I’ve been writing this affirmation in my journal every night for at least two years now to turn its wisdom into second nature: Every thought, feeling, sensation, and experience comes and goes like the ocean’s waves. This too shall pass. During my hardest moments, visualizing this imagery of the ebbs and flows of the tides really helps.
This seaside visual is uncoincidentally the first thing the viewer sees in Kenneth Lonergan’s 2016 film Manchester by the Sea. The film follows the story of a depressed and grieving janitor, Lee Chandler (Casey Affleck), living and working in Quincy, Massachusetts, which is about twenty-five or so minutes from my hometown. Lee becomes the legal guardian of his nephew Patrick (Lucas Hedges) after the passing of his brother Joe (Kyle Chandler). He then must move to Manchester-by-the-Sea, at least temporarily during that winter, to make funeral arrangements and care for Patrick. It is here where he runs into his ex-wife, Randi (Michelle Williams), and other painful reminders of his past, including an existential loss a few years prior
Although the titular location is a little over an hour from where I was born and raised, it captures the mundane beauty of living in a small town in New England like no other film, much to the credit of cinematographer Jody Lee Lipes. During some stretches of winters here, the days are as dim as the nights, bending the parameters of how much darkness a single day can stand to carry. Howling wind might sweep down the streets and make the earth our lives are grounded on quiver. Lakes and ponds that glistened under the summer sunshine not too long ago might go stagnant or frozen. In the dead of winter, the skin between my thumb and index finger always dries out, rough as sandpaper. Snow banks pile up at the edges of sidewalks before going gray and dying. I might daydream about spending my days writing in Cork—and I’ll get there again—but I know I wouldn’t want it any other way when I see the bare trees in my yard stand tall against falling snow, the ends of their branches budding with promises yet to be actualized.
Combining the authenticity of the setting with its familiar sense of humor, I still can’t say Manchester by the Sea feels like home. The film feels more like returning to a place I once called home—the house I lived in for the first seven years of my life or my junior and senior year dorm rooms where I experienced some of my happiest memories yet—and wishing I could spend one more night.

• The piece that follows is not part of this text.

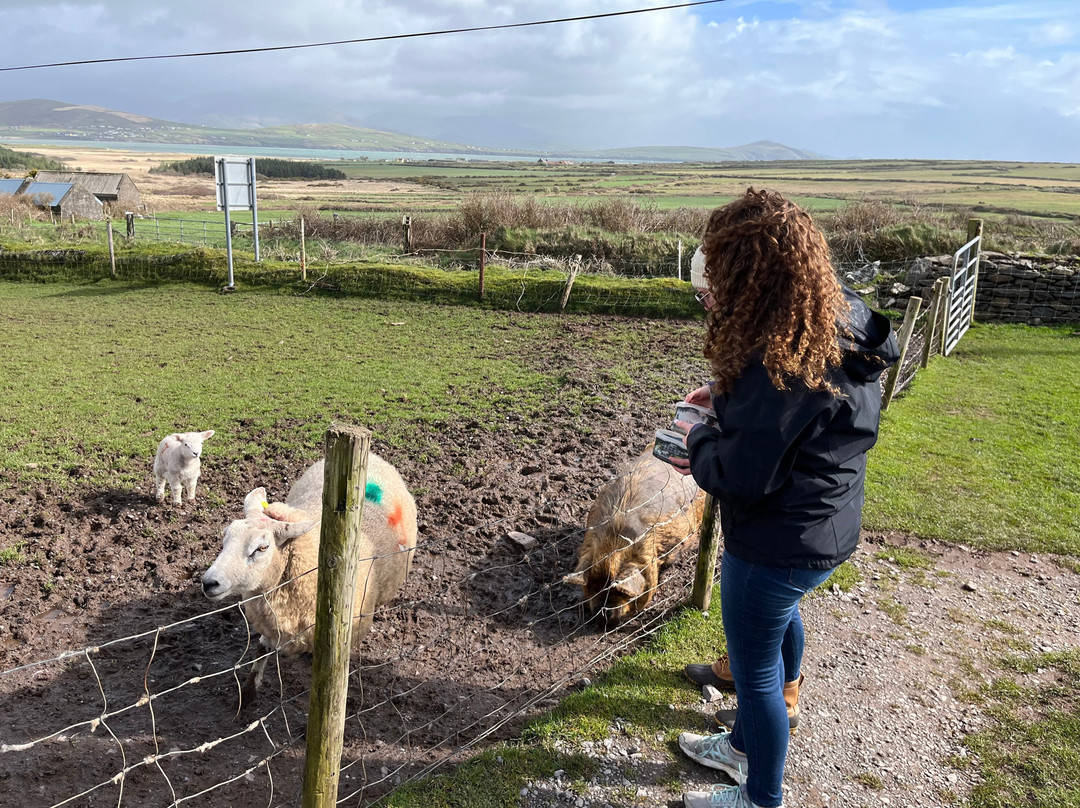 Small Escorted Tours Of Ireland景点图片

This is probably why I decided to watch the film for the first time as a lonely college freshman. By the time Lesley Barber’s hauntingly beautiful “Manchester by the Sea Chorale” played over the end credits, I knew I had found a new favorite movie—not just because it patched up my homesickness. I was eighteen, still caught up in guilt from something that happened to a friend two years prior; it could be best described as life-disrupting. I convinced myself I could see the blame in her family’s eyes when we encountered each other at cross-country meets, at the YMCA, or at the grocery store. Of course, I blamed myself more than they ever could, for a very long time after. It wasn’t healthy for my developing brain at age sixteen to carry around that much guilt, all of it unnecessary. Now and then, I still have nightmares where I am responsible for a living being and fail horribly, the results catastrophic.

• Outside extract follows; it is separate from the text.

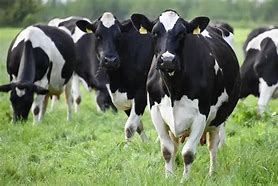 Image result for Friesian Cow Showing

I wish the film’s story made me realize how futile all that suffering I put myself through was, but it didn’t; that could only be healed by time passing. By that point, I convinced myself that everyone was sick of hearing about it, and I didn’t want to talk about it anymore either. The guilt that undergirds Manchester by the Sea resonated and provided a place to finally let some of it go. Though the film is beyond devastating, watching it alone in my dorm room on a winter night during the school week more than five years ago, in a strange way, helped me move closer to peace. Generally, life is only getting better as I grow older; I now see that the things my family and friends tried to tell me back then were absolutely right—it really was not my fault. And I know I’m not alone in these feelings.
When writing about the film, it feels important to note that Lonergan said to Rolling Stone about the film in 2016, “Some people can’t get over something major that’s happened to them at all; why can’t they have a movie too? Why can’t there be one film about somebody who doesn’t magically bounce back?” While appreciating the writer-director’s intentions, I believe the film is simultaneously life-affirming. Being tasked with caring for Patrick transforms Lee. He still might want to die a lot of the time, but by the film’s end, he is no longer just living like he’s waiting to die. In death, Joe gave Lee a gift by making him Patrick’s guardian, challenging him to open himself back up to moments of happiness and love again. Lee and Randi both will never be okay; as Randi said to him, her heart will always be broken. Pain comes and goes like the tides, but we weather the changes like stones and stay together on the shoreline.